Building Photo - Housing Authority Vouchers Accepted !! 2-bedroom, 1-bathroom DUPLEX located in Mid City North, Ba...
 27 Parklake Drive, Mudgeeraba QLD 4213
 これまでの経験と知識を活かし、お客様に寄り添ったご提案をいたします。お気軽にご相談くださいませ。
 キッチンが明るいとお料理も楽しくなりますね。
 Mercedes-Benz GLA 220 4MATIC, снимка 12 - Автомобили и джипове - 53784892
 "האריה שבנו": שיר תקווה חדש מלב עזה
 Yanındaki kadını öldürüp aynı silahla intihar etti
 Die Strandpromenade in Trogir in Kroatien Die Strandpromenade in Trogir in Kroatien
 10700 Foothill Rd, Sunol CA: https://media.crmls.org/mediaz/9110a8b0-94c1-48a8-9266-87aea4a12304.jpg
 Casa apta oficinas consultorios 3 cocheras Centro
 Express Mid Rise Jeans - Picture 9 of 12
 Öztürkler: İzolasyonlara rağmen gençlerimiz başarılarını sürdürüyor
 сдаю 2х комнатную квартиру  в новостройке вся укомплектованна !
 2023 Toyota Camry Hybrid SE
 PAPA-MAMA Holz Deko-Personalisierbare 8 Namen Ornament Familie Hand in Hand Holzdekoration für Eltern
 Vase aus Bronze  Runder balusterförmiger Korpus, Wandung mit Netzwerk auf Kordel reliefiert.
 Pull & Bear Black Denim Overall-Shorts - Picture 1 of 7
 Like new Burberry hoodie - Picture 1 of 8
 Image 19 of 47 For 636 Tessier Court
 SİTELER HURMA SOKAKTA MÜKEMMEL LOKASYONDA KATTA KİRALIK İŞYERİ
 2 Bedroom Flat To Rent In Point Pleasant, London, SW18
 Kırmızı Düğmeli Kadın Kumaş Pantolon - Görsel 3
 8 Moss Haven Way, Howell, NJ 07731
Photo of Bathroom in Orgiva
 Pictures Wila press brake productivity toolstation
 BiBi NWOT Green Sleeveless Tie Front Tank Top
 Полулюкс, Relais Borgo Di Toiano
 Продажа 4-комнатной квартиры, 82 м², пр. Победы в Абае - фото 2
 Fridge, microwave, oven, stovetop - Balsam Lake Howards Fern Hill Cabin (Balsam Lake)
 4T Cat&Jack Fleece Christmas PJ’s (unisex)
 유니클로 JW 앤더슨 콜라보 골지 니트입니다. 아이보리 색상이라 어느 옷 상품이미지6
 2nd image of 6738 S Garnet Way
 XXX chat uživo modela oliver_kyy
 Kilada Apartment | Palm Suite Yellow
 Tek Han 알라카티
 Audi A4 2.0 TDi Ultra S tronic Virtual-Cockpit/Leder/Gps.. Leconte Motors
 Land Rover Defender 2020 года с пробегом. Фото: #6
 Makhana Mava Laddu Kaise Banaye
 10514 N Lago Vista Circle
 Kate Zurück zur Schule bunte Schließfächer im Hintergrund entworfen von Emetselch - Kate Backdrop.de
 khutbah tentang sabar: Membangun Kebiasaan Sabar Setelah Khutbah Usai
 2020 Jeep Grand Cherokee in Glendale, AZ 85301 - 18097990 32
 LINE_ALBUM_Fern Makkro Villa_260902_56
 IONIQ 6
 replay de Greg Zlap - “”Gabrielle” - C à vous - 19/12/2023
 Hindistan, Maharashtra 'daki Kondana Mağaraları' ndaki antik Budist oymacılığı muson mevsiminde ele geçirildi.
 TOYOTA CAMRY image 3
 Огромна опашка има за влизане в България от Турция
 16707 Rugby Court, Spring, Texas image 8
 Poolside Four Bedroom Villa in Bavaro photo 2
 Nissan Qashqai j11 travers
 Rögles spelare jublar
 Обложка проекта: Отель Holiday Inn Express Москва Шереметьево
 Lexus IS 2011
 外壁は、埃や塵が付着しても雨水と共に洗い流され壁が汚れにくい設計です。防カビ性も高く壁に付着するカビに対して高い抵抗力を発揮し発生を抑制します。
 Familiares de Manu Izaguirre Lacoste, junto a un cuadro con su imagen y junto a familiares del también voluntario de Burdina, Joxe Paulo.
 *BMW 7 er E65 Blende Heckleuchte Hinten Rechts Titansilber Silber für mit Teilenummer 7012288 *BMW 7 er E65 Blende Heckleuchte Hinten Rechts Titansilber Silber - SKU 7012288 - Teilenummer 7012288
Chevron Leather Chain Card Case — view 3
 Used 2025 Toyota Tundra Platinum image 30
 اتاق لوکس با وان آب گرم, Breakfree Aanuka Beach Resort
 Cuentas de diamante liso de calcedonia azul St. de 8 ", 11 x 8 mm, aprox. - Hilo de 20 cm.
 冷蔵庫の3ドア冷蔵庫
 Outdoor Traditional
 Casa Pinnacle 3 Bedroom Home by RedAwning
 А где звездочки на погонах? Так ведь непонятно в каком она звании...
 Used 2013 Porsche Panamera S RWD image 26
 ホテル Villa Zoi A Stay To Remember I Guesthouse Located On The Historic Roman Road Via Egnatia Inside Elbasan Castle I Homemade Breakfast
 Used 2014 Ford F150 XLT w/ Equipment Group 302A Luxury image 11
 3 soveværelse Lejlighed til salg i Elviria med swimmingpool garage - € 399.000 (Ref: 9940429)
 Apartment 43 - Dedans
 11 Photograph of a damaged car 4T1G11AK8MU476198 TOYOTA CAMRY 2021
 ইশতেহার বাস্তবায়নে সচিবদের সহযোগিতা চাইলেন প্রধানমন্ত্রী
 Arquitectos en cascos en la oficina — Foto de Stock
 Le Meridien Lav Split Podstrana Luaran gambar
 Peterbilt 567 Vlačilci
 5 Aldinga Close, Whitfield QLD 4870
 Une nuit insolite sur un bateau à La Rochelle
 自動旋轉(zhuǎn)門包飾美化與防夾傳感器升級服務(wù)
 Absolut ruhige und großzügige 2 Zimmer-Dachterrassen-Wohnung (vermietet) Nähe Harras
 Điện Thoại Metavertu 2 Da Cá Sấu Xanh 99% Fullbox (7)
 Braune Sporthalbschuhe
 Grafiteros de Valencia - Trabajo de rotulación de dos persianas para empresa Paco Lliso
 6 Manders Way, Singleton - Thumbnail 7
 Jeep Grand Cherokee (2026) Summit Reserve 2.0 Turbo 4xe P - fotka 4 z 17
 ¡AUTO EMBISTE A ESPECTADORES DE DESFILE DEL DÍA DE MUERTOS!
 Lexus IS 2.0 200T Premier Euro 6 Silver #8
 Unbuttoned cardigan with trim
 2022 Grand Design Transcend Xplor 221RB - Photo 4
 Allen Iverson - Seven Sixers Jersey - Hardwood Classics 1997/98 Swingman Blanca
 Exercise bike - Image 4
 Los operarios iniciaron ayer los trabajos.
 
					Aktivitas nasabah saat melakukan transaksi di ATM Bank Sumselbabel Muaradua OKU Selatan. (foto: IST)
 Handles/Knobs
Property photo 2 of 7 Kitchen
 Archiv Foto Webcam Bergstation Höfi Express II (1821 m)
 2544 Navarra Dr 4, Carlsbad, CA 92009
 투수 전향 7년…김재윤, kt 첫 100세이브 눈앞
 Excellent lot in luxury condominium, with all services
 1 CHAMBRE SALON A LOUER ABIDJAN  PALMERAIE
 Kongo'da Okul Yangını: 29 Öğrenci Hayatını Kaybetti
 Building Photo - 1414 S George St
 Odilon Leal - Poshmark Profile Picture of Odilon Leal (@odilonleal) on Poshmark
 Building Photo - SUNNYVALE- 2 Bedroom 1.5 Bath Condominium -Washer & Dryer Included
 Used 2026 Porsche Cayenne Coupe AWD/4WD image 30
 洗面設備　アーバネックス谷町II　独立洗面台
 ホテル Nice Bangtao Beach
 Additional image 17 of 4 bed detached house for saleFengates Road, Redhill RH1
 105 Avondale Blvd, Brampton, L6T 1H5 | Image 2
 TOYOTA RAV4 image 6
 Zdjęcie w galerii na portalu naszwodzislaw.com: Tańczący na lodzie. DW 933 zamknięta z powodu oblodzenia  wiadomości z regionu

### What you need to do
The lines above, from the first through the one containing "Yanındaki kadını öldürüp", must be restated word for word, with nothing added.

### Exercise answer
Building Photo - Housing Authority Vouchers Accepted !! 2-bedroom, 1-bathroom DUPLEX located in Mid City North, Ba...
 27 Parklake Drive, Mudgeeraba QLD 4213
 これまでの経験と知識を活かし、お客様に寄り添ったご提案をいたします。お気軽にご相談くださいませ。
 キッチンが明るいとお料理も楽しくなりますね。
 Mercedes-Benz GLA 220 4MATIC, снимка 12 - Автомобили и джипове - 53784892
 "האריה שבנו": שיר תקווה חדש מלב עזה
 Yanındaki kadını öldürüp aynı silahla intihar etti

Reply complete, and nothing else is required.